**About this exercise**: Transcribe each of the entries exactly.

● ● ● ●

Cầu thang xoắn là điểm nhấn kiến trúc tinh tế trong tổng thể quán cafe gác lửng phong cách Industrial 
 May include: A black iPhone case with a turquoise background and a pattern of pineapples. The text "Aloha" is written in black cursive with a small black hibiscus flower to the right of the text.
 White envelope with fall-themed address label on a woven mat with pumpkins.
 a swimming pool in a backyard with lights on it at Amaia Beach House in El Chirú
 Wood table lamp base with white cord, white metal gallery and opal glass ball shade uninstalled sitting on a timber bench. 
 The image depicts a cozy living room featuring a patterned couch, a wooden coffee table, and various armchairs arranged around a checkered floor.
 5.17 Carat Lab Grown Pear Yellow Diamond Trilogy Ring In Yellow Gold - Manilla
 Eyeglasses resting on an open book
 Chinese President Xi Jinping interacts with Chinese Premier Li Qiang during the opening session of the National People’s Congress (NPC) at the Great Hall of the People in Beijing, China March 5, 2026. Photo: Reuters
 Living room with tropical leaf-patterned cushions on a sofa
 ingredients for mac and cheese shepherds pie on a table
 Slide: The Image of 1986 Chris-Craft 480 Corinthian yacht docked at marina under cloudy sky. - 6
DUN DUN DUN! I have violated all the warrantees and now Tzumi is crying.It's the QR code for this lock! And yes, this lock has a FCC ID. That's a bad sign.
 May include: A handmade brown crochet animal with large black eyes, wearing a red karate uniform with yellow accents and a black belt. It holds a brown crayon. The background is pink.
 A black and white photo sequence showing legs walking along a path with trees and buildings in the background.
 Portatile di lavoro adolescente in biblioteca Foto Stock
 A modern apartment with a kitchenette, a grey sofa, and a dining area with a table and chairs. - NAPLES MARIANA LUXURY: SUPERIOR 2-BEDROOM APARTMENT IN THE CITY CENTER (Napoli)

● ● ● ●

**Response area**:
Cầu thang xoắn là điểm nhấn kiến trúc tinh tế trong tổng thể quán cafe gác lửng phong cách Industrial 
 May include: A black iPhone case with a turquoise background and a pattern of pineapples. The text "Aloha" is written in black cursive with a small black hibiscus flower to the right of the text.
 White envelope with fall-themed address label on a woven mat with pumpkins.
 a swimming pool in a backyard with lights on it at Amaia Beach House in El Chirú
 Wood table lamp base with white cord, white metal gallery and opal glass ball shade uninstalled sitting on a timber bench. 
 The image depicts a cozy living room featuring a patterned couch, a wooden coffee table, and various armchairs arranged around a checkered floor.
 5.17 Carat Lab Grown Pear Yellow Diamond Trilogy Ring In Yellow Gold - Manilla
 Eyeglasses resting on an open book
 Chinese President Xi Jinping interacts with Chinese Premier Li Qiang during the opening session of the National People’s Congress (NPC) at the Great Hall of the People in Beijing, China March 5, 2026. Photo: Reuters
 Living room with tropical leaf-patterned cushions on a sofa
 ingredients for mac and cheese shepherds pie on a table
 Slide: The Image of 1986 Chris-Craft 480 Corinthian yacht docked at marina under cloudy sky. - 6
DUN DUN DUN! I have violated all the warrantees and now Tzumi is crying.It's the QR code for this lock! And yes, this lock has a FCC ID. That's a bad sign.
 May include: A handmade brown crochet animal with large black eyes, wearing a red karate uniform with yellow accents and a black belt. It holds a brown crayon. The background is pink.
 A black and white photo sequence showing legs walking along a path with trees and buildings in the background.
 Portatile di lavoro adolescente in biblioteca Foto Stock
 A modern apartment with a kitchenette, a grey sofa, and a dining area with a table and chairs. - NAPLES MARIANA LUXURY: SUPERIOR 2-BEDROOM APARTMENT IN THE CITY CENTER (Napoli)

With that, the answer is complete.